March 5, 2020
An obvious goal of securities rules and laws is to expand and provide greater capital formation possibilities. This can be accomplished in the critical private investment fund market through the combination of the redefinition of an accredited investor as well as changes to the Section 3(c)1 exemptions imposed on investment companies under the Investment Company Act of 1940.
I have previously made comments related to the accredited investor definition specifically that it should expand the definition based on education, degree or qualifications such as possessing a CPA, CFA, CAIA, MBA, JD, or other masters level degree in business, accounting, economics or law. In addition, there ought to be a junior level or Tier 2 Accredited Investor or "Accredited Purchaser", who earn a minimum of $100,000 per year or have a $500,000 or greater net worth. Tier 2 Accredited Investors would be restricted to a dollar amount per year, say $100,000, that could be invested in Reg D private placements per year.
Although not related to the accredited investor definition, I believe that the exemptions from the requirements imposed on investment companies under the Investment Company Act of 1940 under Section 3(c)1 which limits the number of investors to 100, should be increased to 500 investors.
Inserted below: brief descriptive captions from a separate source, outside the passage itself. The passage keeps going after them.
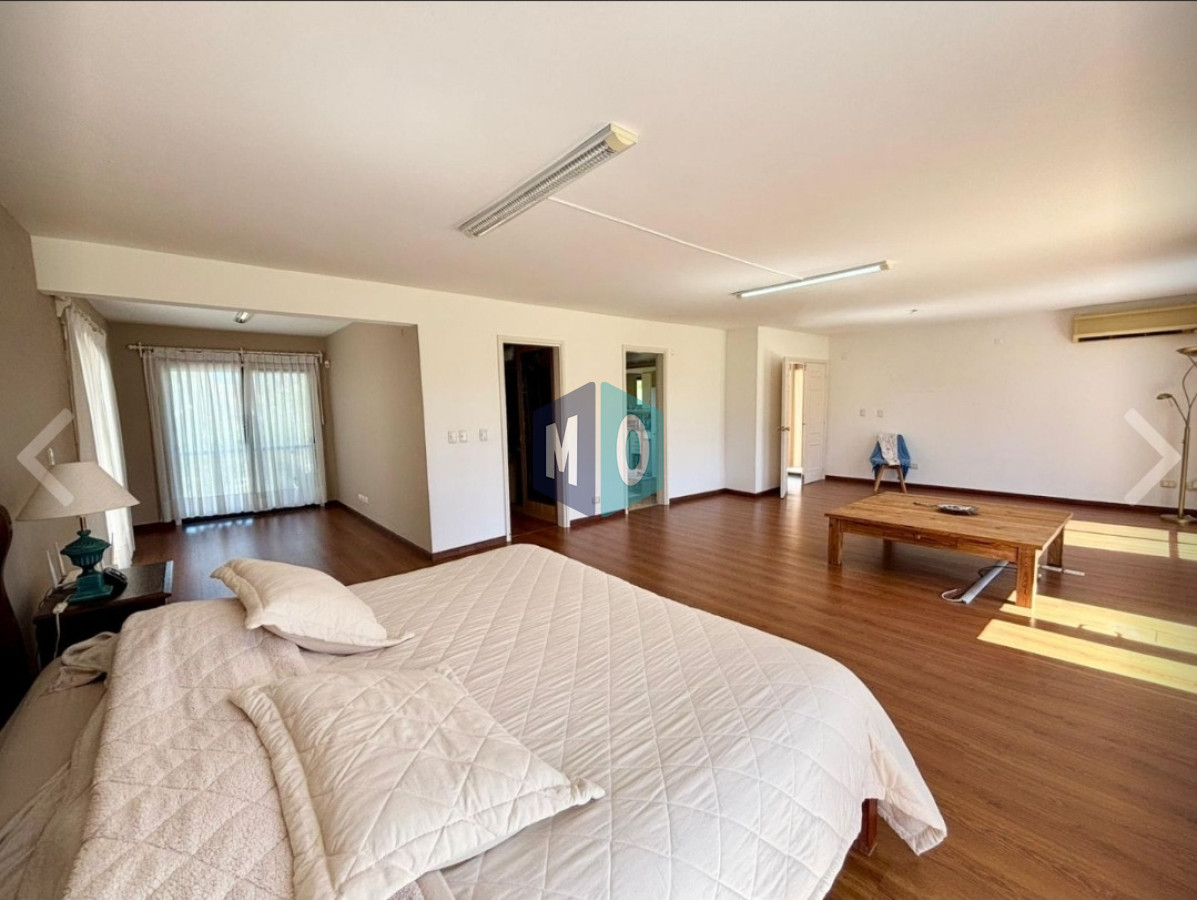 Casa ID.1162 - Vende casa de 4 dormitorios en Golf, Punta del Este con piscina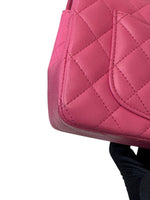 将图片加载到图库查看器，Close-up of a pink quilted handbag on a white background
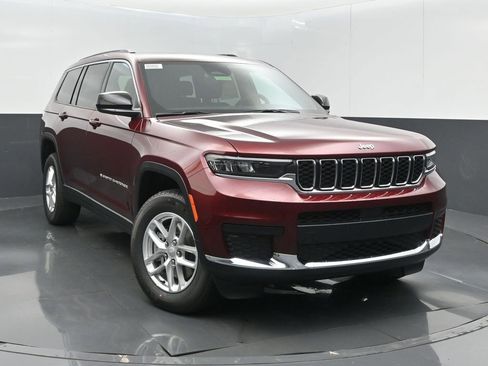 New 2026 Jeep Grand Cherokee L Laredo AWD/4WD image 2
The 100 person limit serves no purpose other than to limit the potential amount of capital that can be raised.
The combination of allowing 500 investors (not just 100 investors) to invest in investment companies along with a redefinition of an accredited investor to be more inclusive based on credentials and adding a limited junior level accredited investor will allow the private investment fund market to expand and provide greater capital formation possibilities.